Lily James as Pamela Anderson and Sebastian Stan as Tommy Lee in Pam & Tommy.
Giving it their all … Lily James and Sebastian Stan in Pam & Tommy. Photograph: Erin Simkin/Hulu

Giving each character all that screen time lets us add layers to who they are and their motivations: did I need to know Gauthier is still pining for an ex and Lee is dreading the rise of Seattle grunge? How much of Anderson’s barely seen frailty after being dismissed on the Baywatch set did I really need to see? But in an era of Marvel megamovies (also starring Stan, also available on Disney+), it’s nice to watch something that doesn’t just assign goodies and baddies. We spend eight hours learning various shades of gray while Rogen wears a sick mullet and gets a succession of big fits off. That’s what TV can do that films can’t.
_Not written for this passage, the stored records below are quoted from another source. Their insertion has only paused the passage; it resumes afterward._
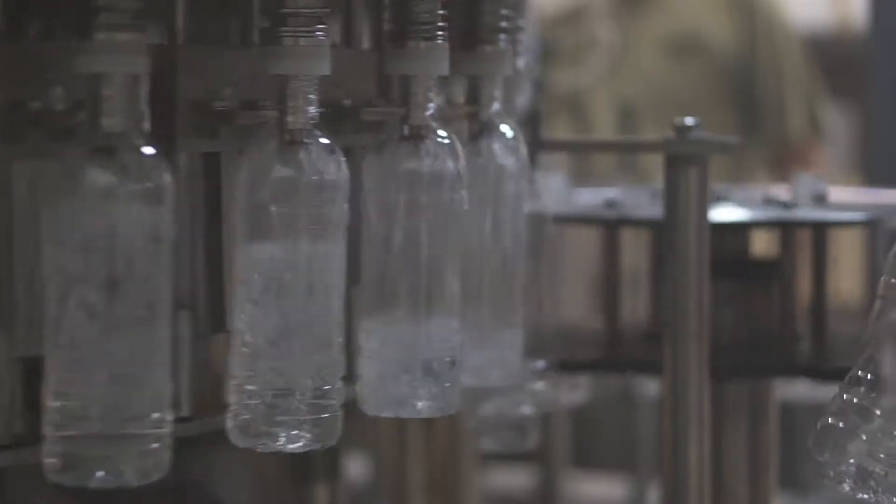The bottles are then thoroughly sprayed and sanitized to make sure no foreign particles are left in the bottles. Next, they proceed to the filling station, where purified water is pumped into them.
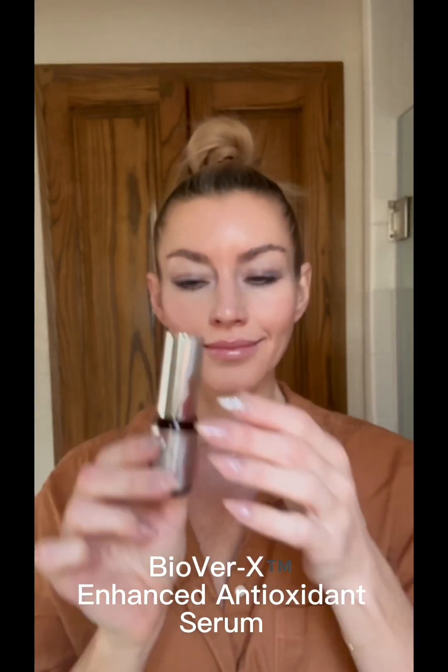Step two of your evening routine: apply one pump of the BioVarix Antioxidant Serum onto your fingertips. Rub into areas of concern for 10 to 20 seconds. Rub remaining serum into skin. Optionally, add a splash of water to help the product absorb into skin.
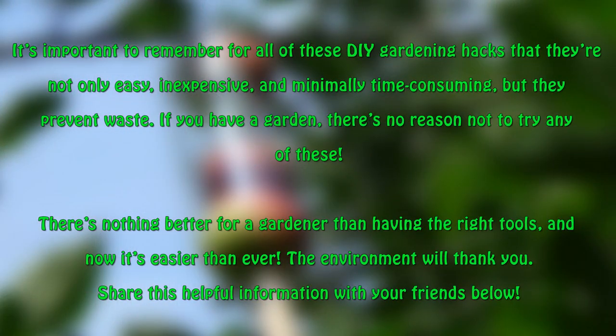It's important to remember for all of these DIY gardening hacks that they're not only easy, inexpensive, and minimally time consuming, but they help prevent waste. If you have a garden, there's no reason not to try any of these. There's nothing better for a gardener than having the right tools, and now it's easier than ever. The environment will thank you.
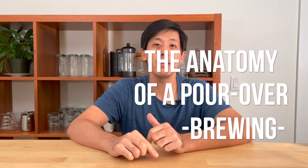Hello! In this video, we're going to break down what goes into a good pouring technique for your pour-over brew. This is part two of a series diving into the anatomy of a pour-over.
Here’s another thing TV can do that films would struggle with: an extended sequence in which Stan talks to his own CGI penis (the “mouth” of the penis is exactly what you think it is). I suppose this is what Disney started the Star umbrella for: to get away from all-ages kids movies and show people on ecstasy having sex in a bath, which is most of episode two. Again, I back the gratuitousness of it: if you’re going to pivot to adult themes after 70-plus years of Snow White, go hard or go home. You do sort of feel like that high, shrieking sound is Walt Disney’s snap-frozen head revolving at high speed, but that’s not a problem for me to solve. That’s for Disneyland to figure out how to make a rollercoaster out of this series, somehow.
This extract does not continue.